MANUEL VICENT
Una eterna primavera puede convertirse en una forma de terror. Si
uno consulta en Internet la temperatura del valle de Josafat, donde se va a
celebrar el Juicio Final, resulta que allí siempre brilla un sol radiante, de
27 grados, con ligera brisa y noches estrelladas, un clima ideal para acoger la
ingente masa de una humanidad culpable. Esa gente feliz que a estas alturas del
año, camino ya de la Navidad, llena las playas del Mediterráneo y chapotea con
toda inocencia en el agua, no sabe que en cierto modo está viviendo un ensayo
del Apocalipsis. Hasta ahora se nos ha hecho creer que el fin del mundo se
producirá con una lluvia de fuego bajo un sonido de trompetas que los ángeles
fieros tocarán para despertar a los muertos. Pero también podría suceder que este
espectáculo escatológico en medio de las tinieblas fuera sustituido por un
perenne cielo azul, producto de un anticiclón ferozmente anclado en las Azores,
de forma que la caricia de un sol azucarado en la piel se convierta en un
placer insoportable.
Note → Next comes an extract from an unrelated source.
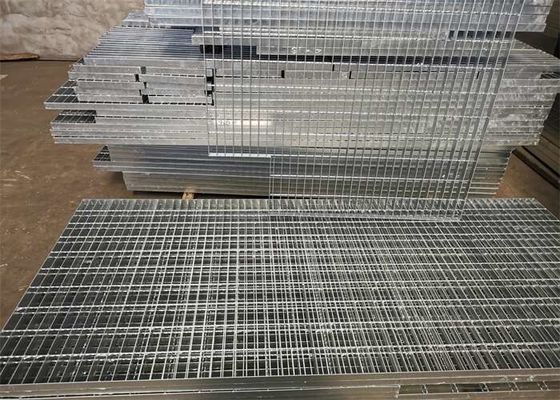Hot Dip Galvanized Steel Driveway Grating Grating 25 * 3mm Bentuk Disesuaikan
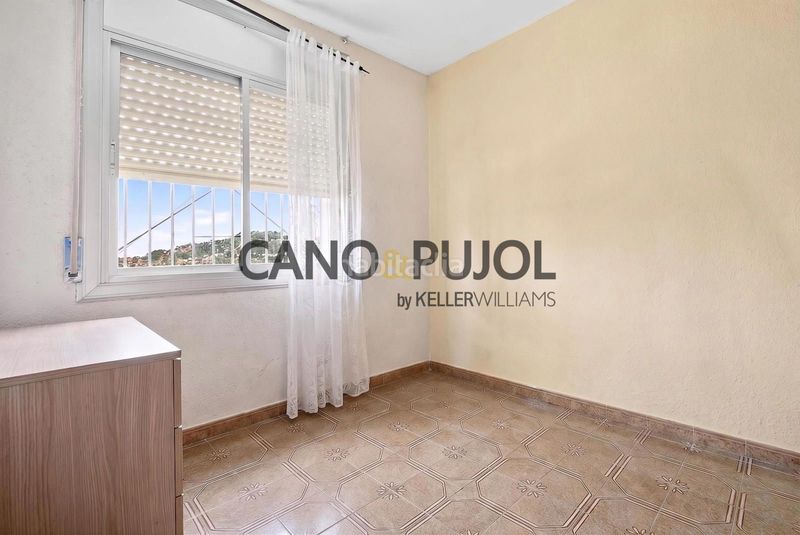 Foto 74bd72cb-bcc3-4df2-aebb-ed3d96f24a73. Casa amb aparcament piscina a Vallirana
La eterna primavera producirá la locura en las semillas y
la gente sabrá que el fin del mundo está cerca cuando haya que segar el trigo
en enero y se vuelvan carnívoras todas las flores de mayo. El buen tiempo
inmutable será una maldición que acabará creando pánico, pero lejos de
flagelarse como los penitentes en las procesiones medievales, la gente seguirá
chapoteando en aguas del Mediterráneo y sobre esa convulsa masa carnal
extendida en las playas, extenuada en la propia felicidad, se abrirá el Séptimo
Sello y el veredicto fatal de la historia será emitido. El siniestro oficio de
los antiguos profetas que se relamían anunciando toda suerte de calamidades en
las postrimerías lo ejercerán ahora los hombres del tiempo y sus pronósticos de
un Sol primaveral, deslumbrante e interminable serán nuestra condena.